Invoking script using the URL
WebOctave does not care if the parameters are specified usign POST, FILES or GET. This allows you to run a script without the form. For the BMI example this would look like: /index.php?$=bmi&height=1.8&weight=70. As you can see the script is specified using $=script name. Optionally you can get the results as AJAX if you add a “$js” or a “$ajax”, so /index.php?$js&$=bmi&height=1.8&weight=70
How WebOctave works
To manage more than one user that could use the web application at the same time, WebOctave generates temporary (session based) working directories in the tmp folder. Here are some details about the files generated and used:
- When the script list is requested (by specifying no script in the URL at all), then all script folders are browsed for the config file, the config is loaded and displayed. Every list entry links to a script in the form “
/index.php?$form=script name“ - When a script form is requested (
$form=...), then the script config of this script is read and the input form returned. - When the compute button is pressed, then the following sequence will be performed:
- The script parameters will be validated
- The temporary working directory is generated if it does not exists it will be created, if it exists it will be cleared.
- The main.m is copied to the temporary directory, a temporary start script is generated, which contains the declaration of the parameters and an additional code to convert the plotted figured to images.

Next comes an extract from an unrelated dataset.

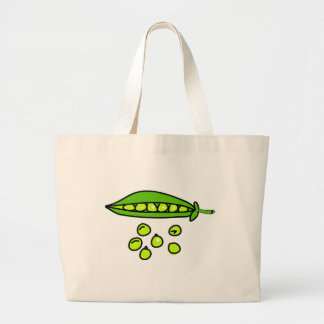 peas large tote bag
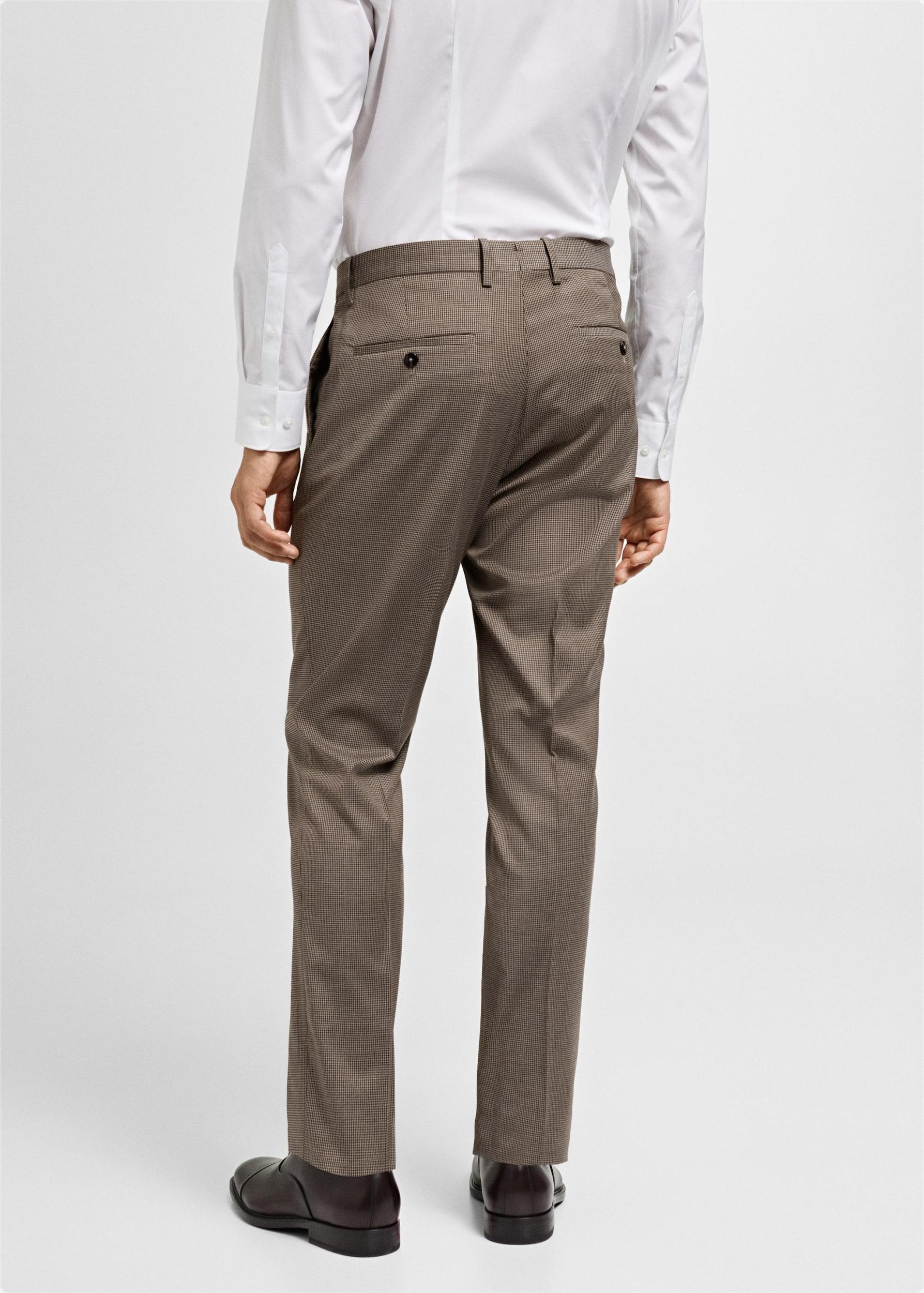 Herringbone super slim- fit suit pants - Men | MANGO USA Product Image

- The current working directory is changed to the temporary directory (using
chdir). The intermediate script contains octave commands that make the source directory to an auto-include directory. - The script is executed using Octave, the STDOUT and STDERR fetched.
- The text output is saved in a file, a script information file is written, Conversions to the PHP UI are made.
- If the script history is enabled, the contents of the file will be copied to a subdirectory, which is named by the timestamp when the script was executed.
- If the history list is requested, the session directory is searched for history folders. The info file contents are read and filtered. After this, the list is displayed
- If the history of a calculation is requested, the history is loaded and presented to the PHP UI like a current script result – so displayed.